Nijer'deki belirsizlikler karşısında, Angola ile bağların derinleştirilmesi, Fransa'ya Nijer'deki potansiyel kayıpları dengelemek ve bölgesel nüfuzunu sürdürmek için bir araç olan bir sigorta poliçesi sağlayabilir. Ancak bu yaklaşımın karmaşıklıkları da yok değil. Fransa, Nijer'deki durumun yarattığı acil zorlukları görmezden gelmeyi göze alamaz. Ülkede 500 ila 600 arası Fransız vatandaşı ve 1,500 askerden oluşan bir askeri birliğin görev yaptığı ülkede riskler yüksek.

Fransa, vatandaşlarını ve askeri varlıklarını korumanın yanı sıra, Nijer'de demokratik yönetimin yeniden tesis edilmesini savunmanın ahlaki ve siyasi sorumluluğunu da üstleniyor. ECOWAS ve Afrika Birliği gibi bölgesel organların liderliğindeki uluslararası toplum, Nijerya cuntasına, Başkan Mohamed Bazoum'un demokratik olarak seçilmiş hükümetini yeniden görevlendirmesi için baskı yapıyor.

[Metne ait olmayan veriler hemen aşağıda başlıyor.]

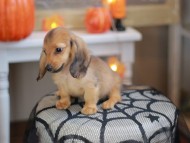 Kaninchen_Dachshund-8137 Kaninchen_Dachshund-8137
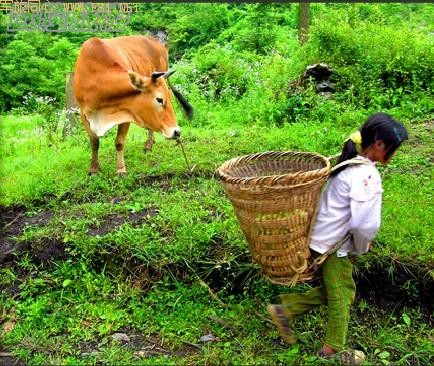 ��¡��ɽ��δʶ����Ȼ����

Nijer'deki krize tepki vermek, Macron'un Afrika'daki dış politika yaklaşımının bir sınavıdır. Ulusal çıkarları gözetmek ile demokratik normlara ve istikrara yönelik taahhütleri sürdürmek arasında hassas bir denge kurma fırsatı sunuyor. Ancak önümüzdeki yol, Fransız hükümetinin dikkatli bir seyir izlemesini gerektirecek belirsizlikler ve karmaşık dinamiklerle dolu.

Bu değişken jeopolitik ortamda Fransa'nın eylemleri, Nijer ve daha geniş Sahel bölgesindeki olayların gidişatını önemli ölçüde etkileyecektir. Etkisini korurken stratejisini başarılı bir şekilde yeniden ayarlayıp ayarlayamayacağı, Macron'un başkanlığı için bir turnusol testi olacak ve Fransa'nın Afrika'daki rolü üzerinde derin sonuçlar doğurabilir. Sonuçta mesele sadece Fransa'nın konumunu korumak değil, aynı zamanda Fransa ve Batılı müttefiklerinin değer verdiği demokrasi ve istikrar değerlerini de savunmak.

Bintou Diabaté, güvenlik konusunda uzmanlaşmış bir analist ve Kings College'ın uluslararası ilişkiler mezunudur. 

Bu makaleyi paylaş:

EU Reporter, çok çeşitli bakış açılarını ifade eden çeşitli dış kaynaklardan makaleler yayınlamaktadır. Bu makalelerde alınan pozisyonlar mutlaka EU Reporter'ınkiler değildir.